Abstract
In the vivid imagination of Delaware courts, the shareholder franchise is “the ideological underpinning” upon which corporate power rests. A corporate election to choose who should lead the firm is corporate democracy at work since such elections give shareholders the power “to turn the board out.” However, in reality, the vast majority of corporate elections are ho-hum affairs. The current board members are reelected without contest. Annual corporate meetings to hold the elections are dull—held in front of tame audiences in quiet auditoriums. Election outcomes are predictable. Rarely is there a contested corporate election in which the incumbent directors face a challenge for their board seats. Even these affairs, while more interesting, are still as predictable. The incumbents always have the upper hand. The corporate election system is, as a consequence, broken, anticompetitive, and in need of significant reform.

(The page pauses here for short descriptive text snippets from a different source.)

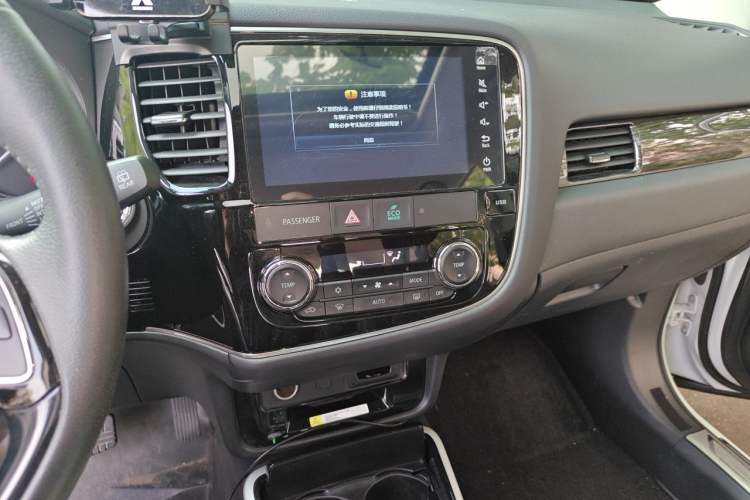 Used Mitsubishi Outlander 2019 2.0L Two-Wheel Drive Comfort Edition 5 Seats China VI Standard Audio And AC Panel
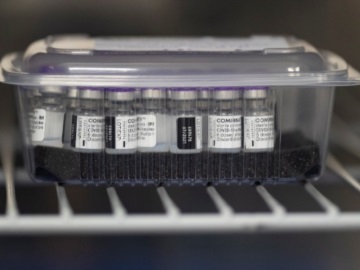 Το εμβόλιο των Pfizer/BioNTech είναι ασφαλές στη διάρκεια της αντικαρκινικής ανοσοθεραπείας, σύμφωνα με ισραηλινή μελέτη
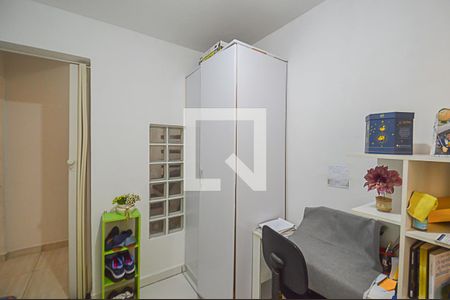 Casa à venda com 284m², 5 quartos e 3 vagasQuarto 2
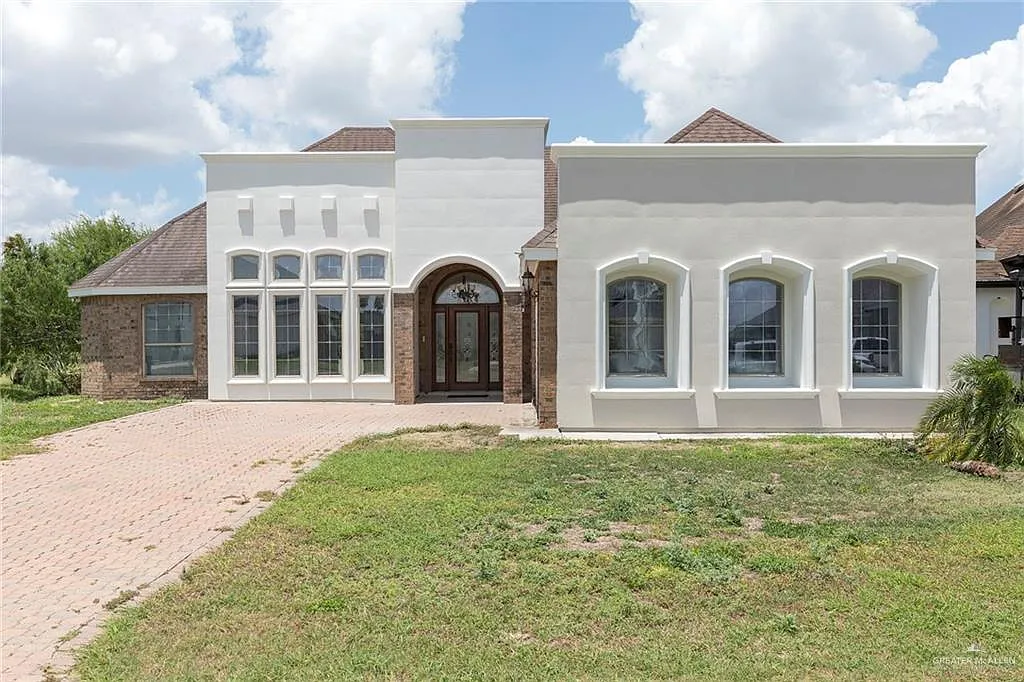 3 bed, 3.5 bath, 2098 sqft, $2,300 — Photo 1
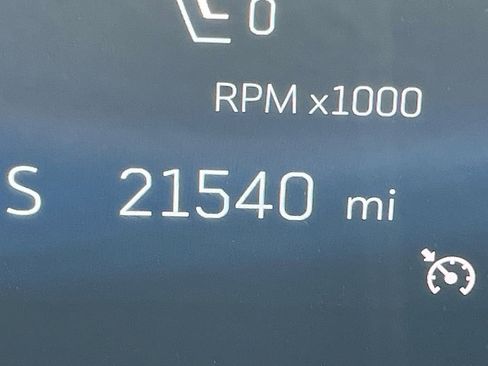 Used 2024 Cadillac XT4 Premium Luxury w/ Cold Weather Package image 12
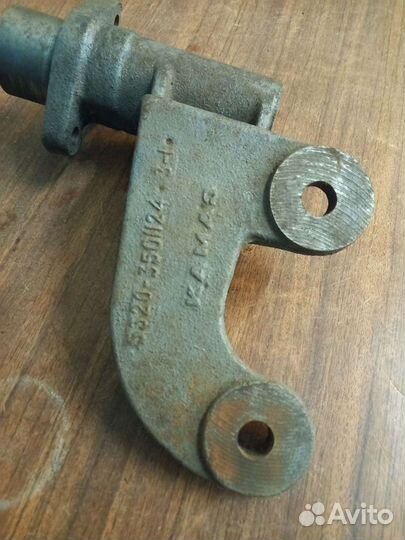 Кронштейн крепления энергоаккумулятора камаз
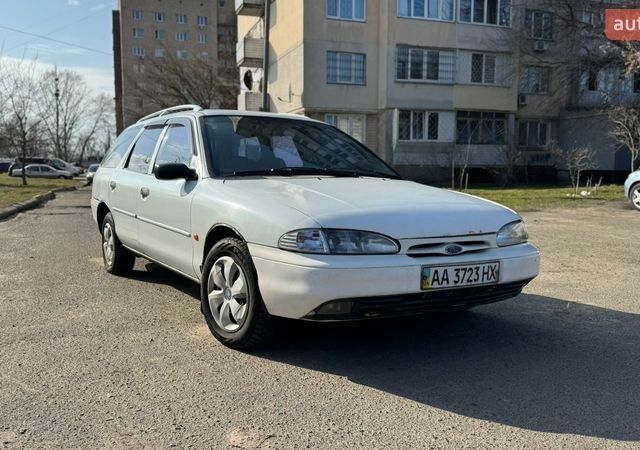 Белый Форд Мондео, объемом двигателя 1.8 л и пробегом 501 тыс. км за 1300 $, фото 1 на Automoto.ua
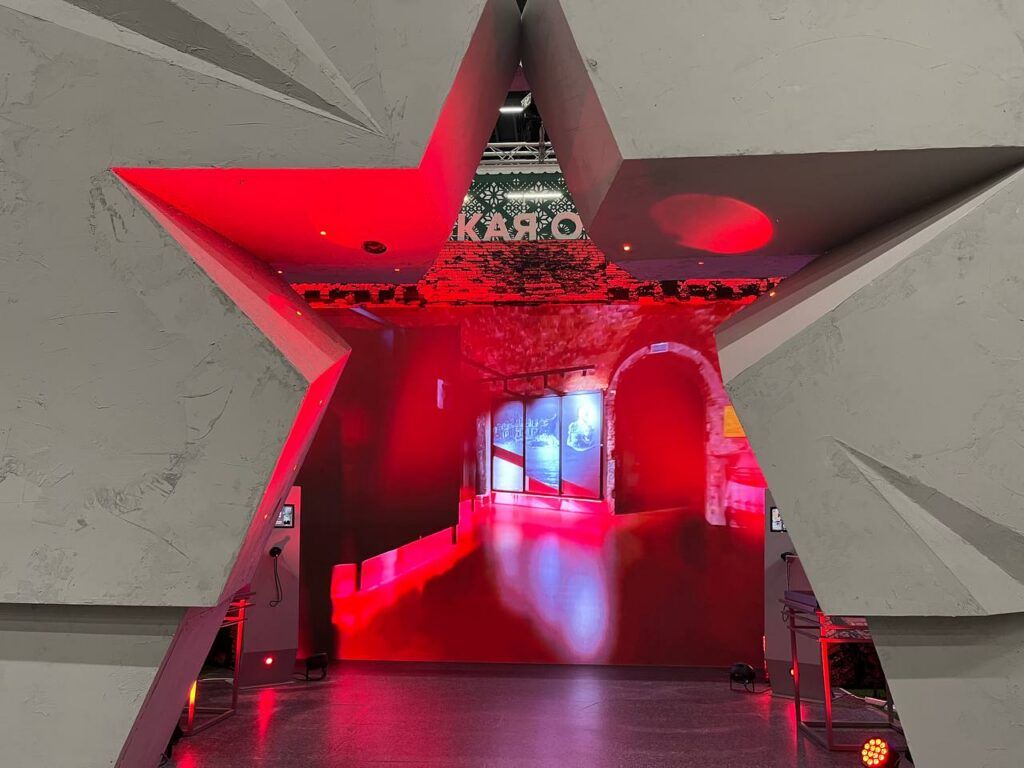 вход в Брестскую крепость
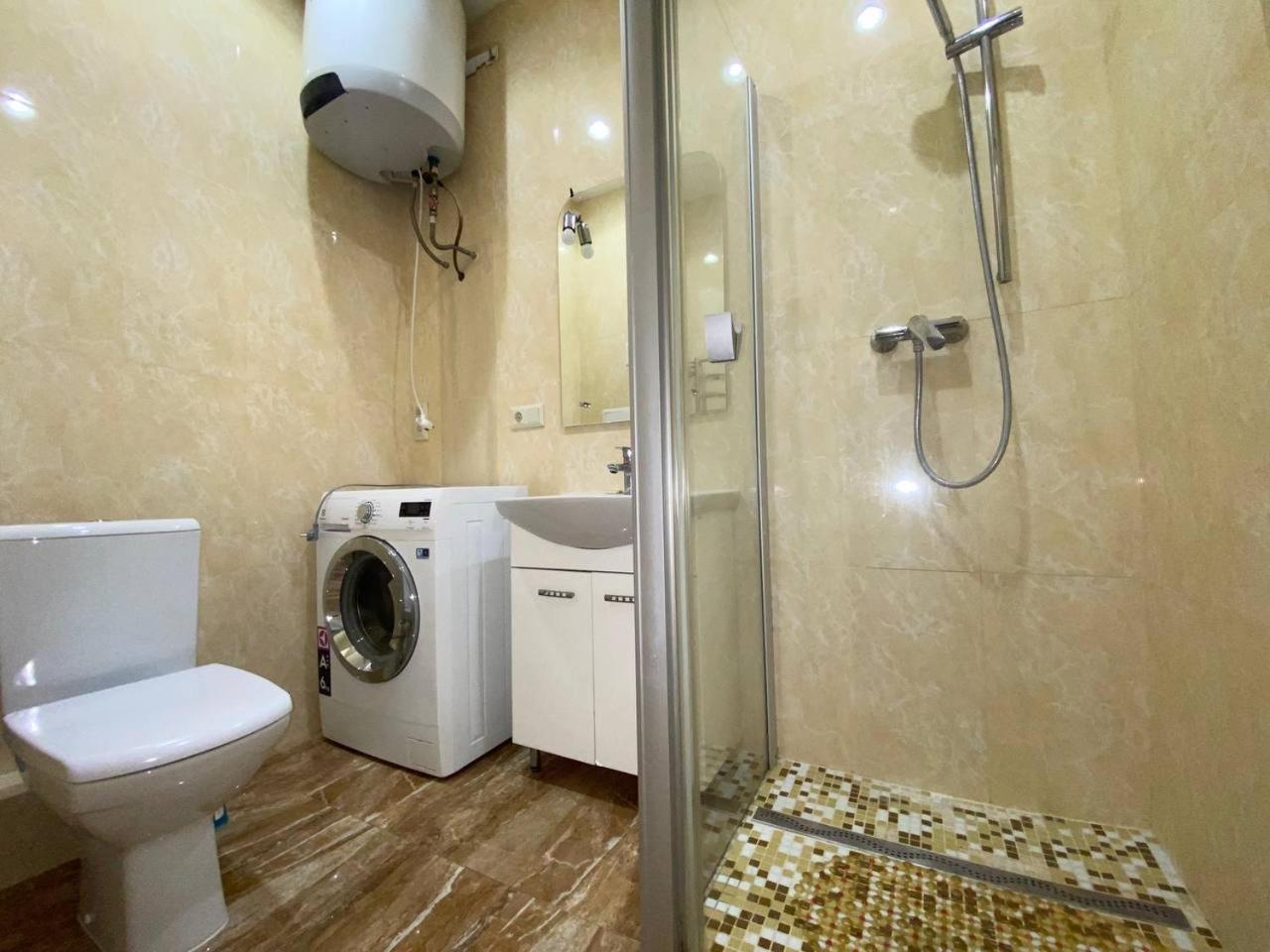 Apartment On Dragomirova Kyiv
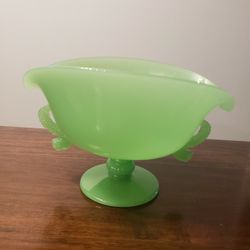 Vintage Fenton Jadeite  Oval Bowl 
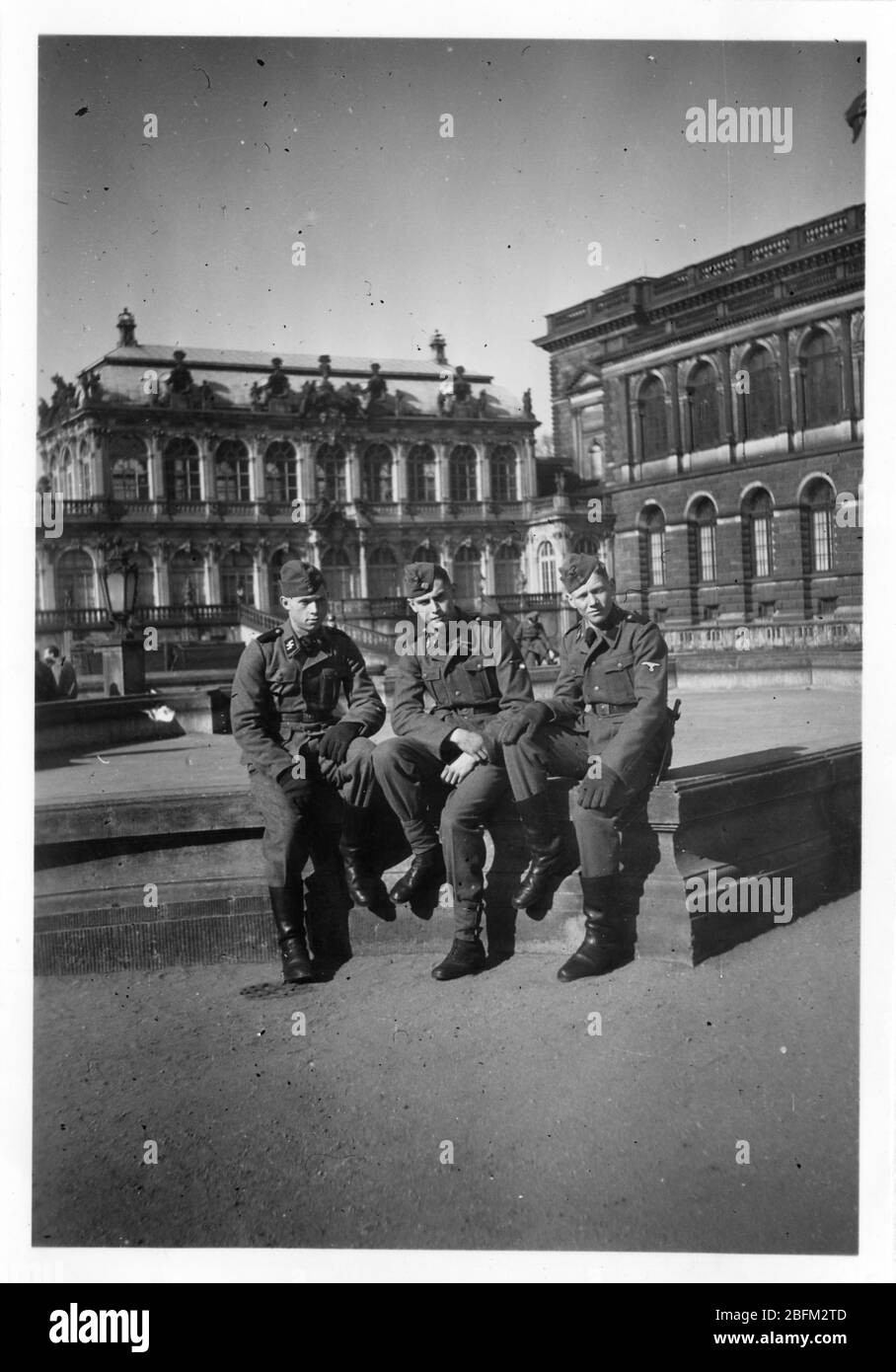 2. Weltkrieg, SS-Soldaten in Dresden, Theaterplatz, Deutschland Stockfoto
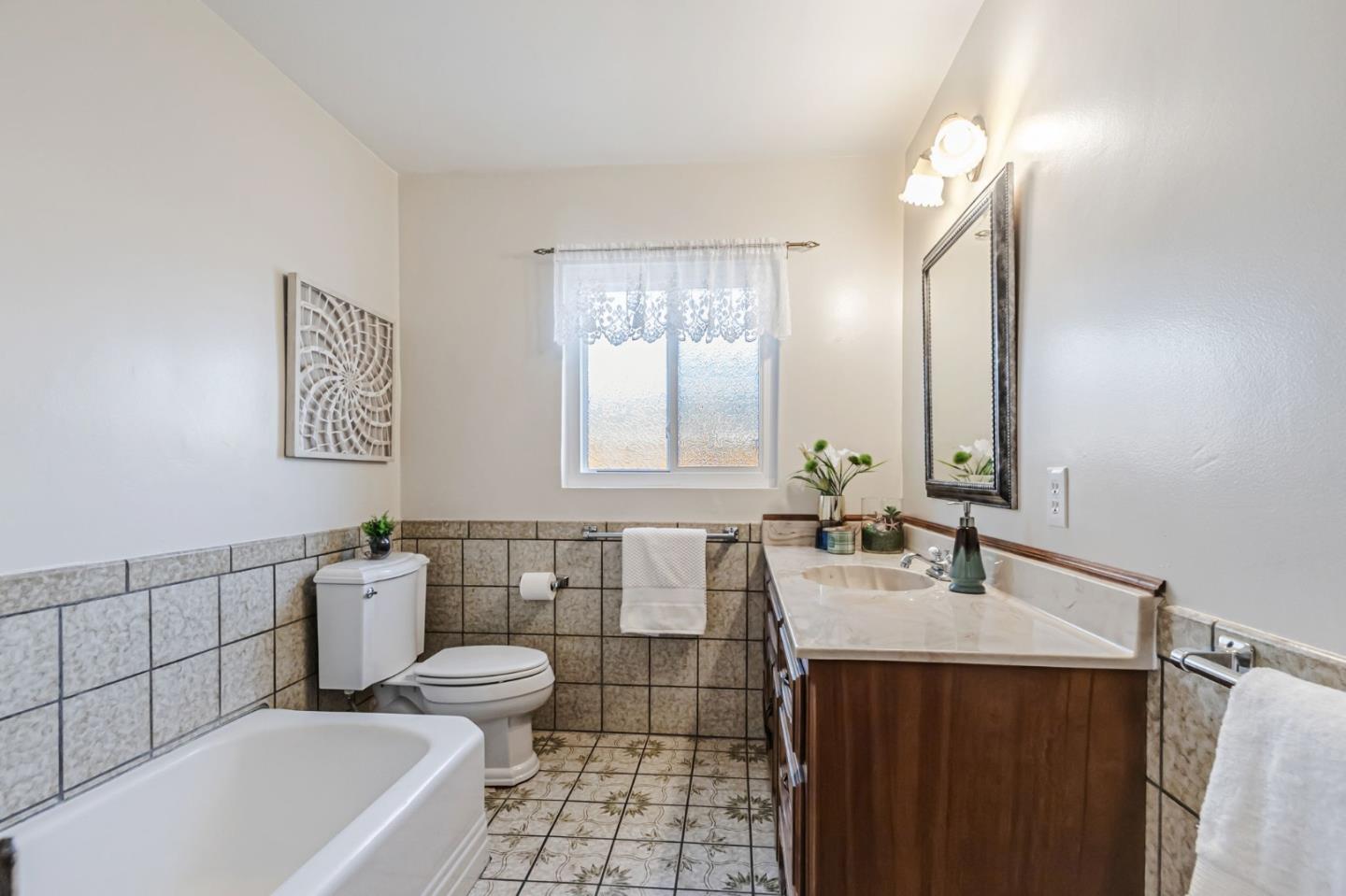 Detail Gallery Image 21 of 28 For 1924 Stafford St, Santa Clara,  CA 95050 - 3 Beds | 1/1 Baths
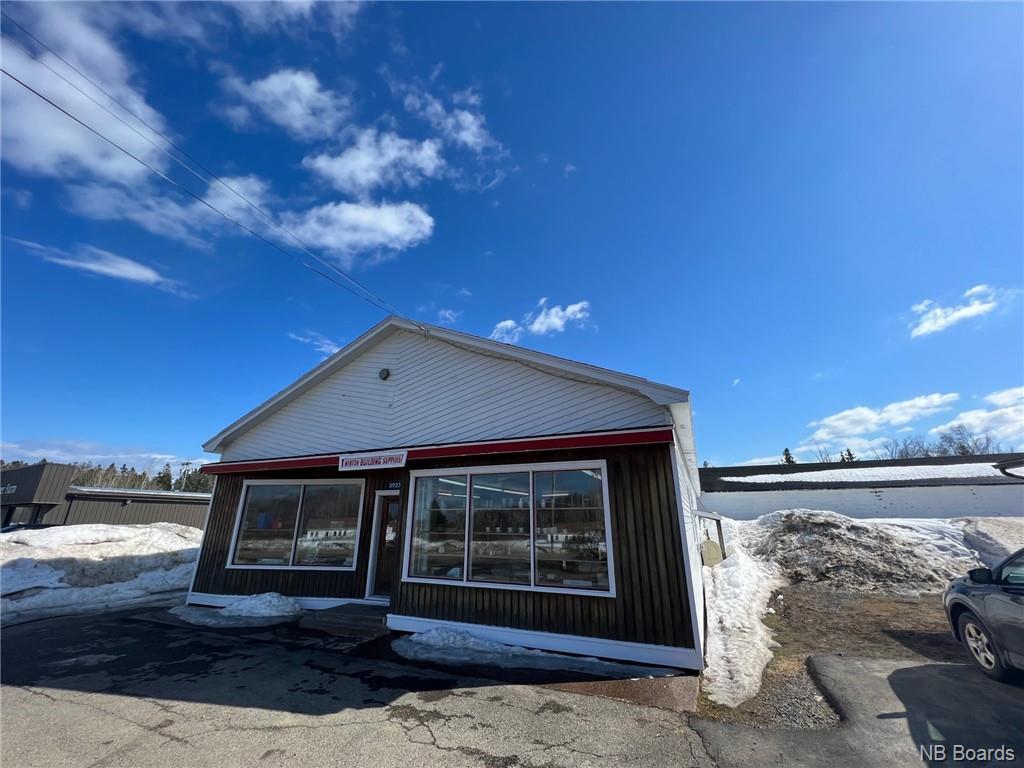 For sale 3923 Main Street, Belledune, New Brunswick E8G2K3 NB085655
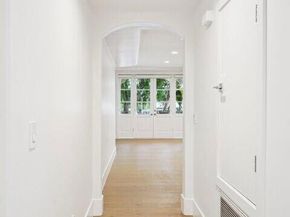 1861 Veteran Avenue 101, Beverly Hills CA 90025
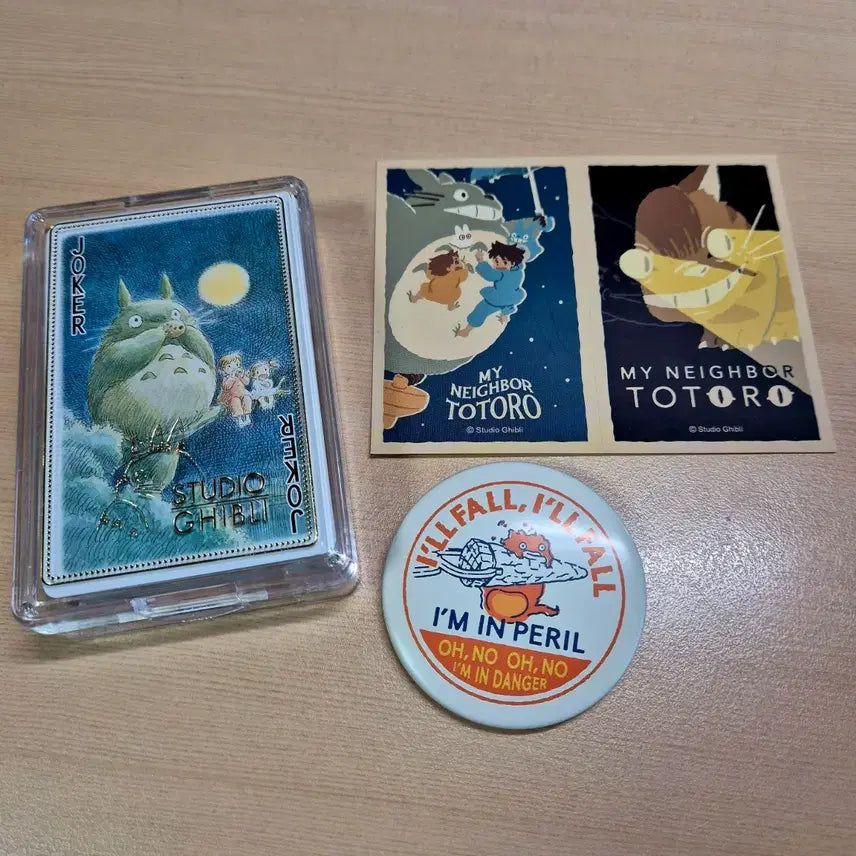 [BUNJANG] Studio Ghibli My Neighbor Totoro & Howl's Moving Castle Sticker, Badge, Card Bundle Set / 지브리 이웃집 토토로, 하울의 움직이는 성 (스티커, 뱃지, 카드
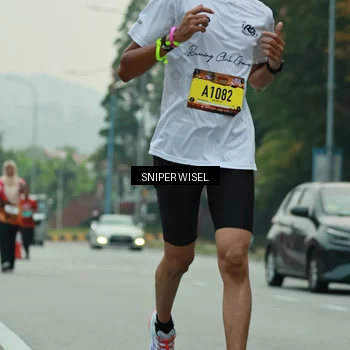Runner Photo 7048785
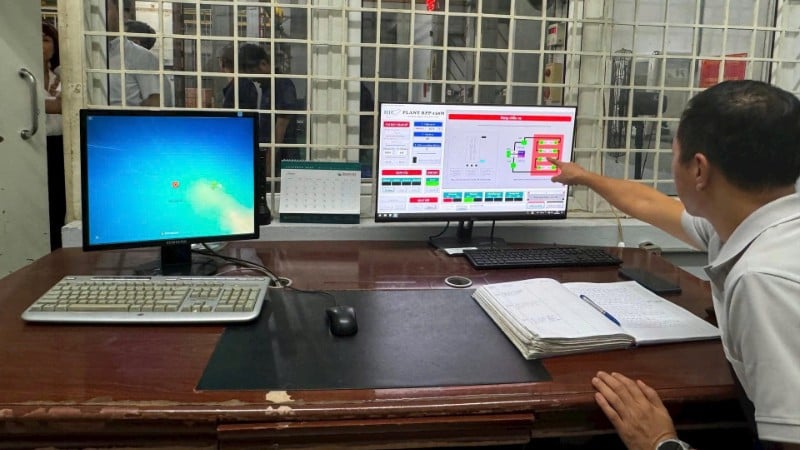 Mitarbeiter überwachen und kontrollieren den medizinischen Bestrahlungsprozess im Operationssaal des Bestrahlungszentrums Hanoi.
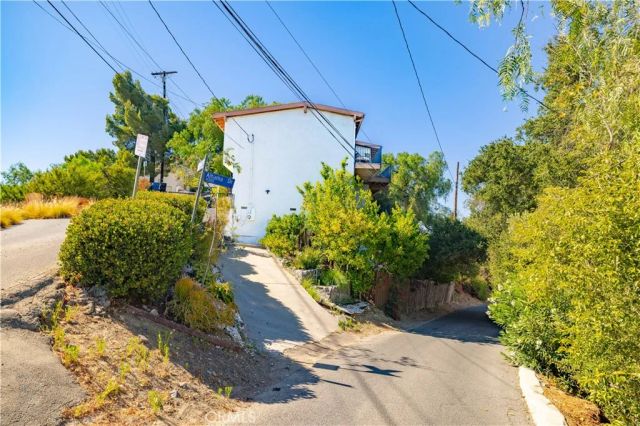 4300 Camello Road, Woodland Hills, CA 91364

Yet, as this Article shows, previous proposals have overlooked the “genius” of the public sector. In particular, in political elections, campaign reformers have already offered a good answer for how to create competitive elections: Make campaign subsidies available to challengers. This solution works even though the contestants’ campaign costs are high, voters are apathetic and dispersed widely, and incumbents have a natural, built-in advantage. Most notably, for instance, in federal elections, the system of public subsidies for eligible presidential campaigns, the Presidential Campaign Fund, provides a remarkably sturdy roadmap for how to reform corporate elections and create a subsidy system for shareholder challenges to the board of directors.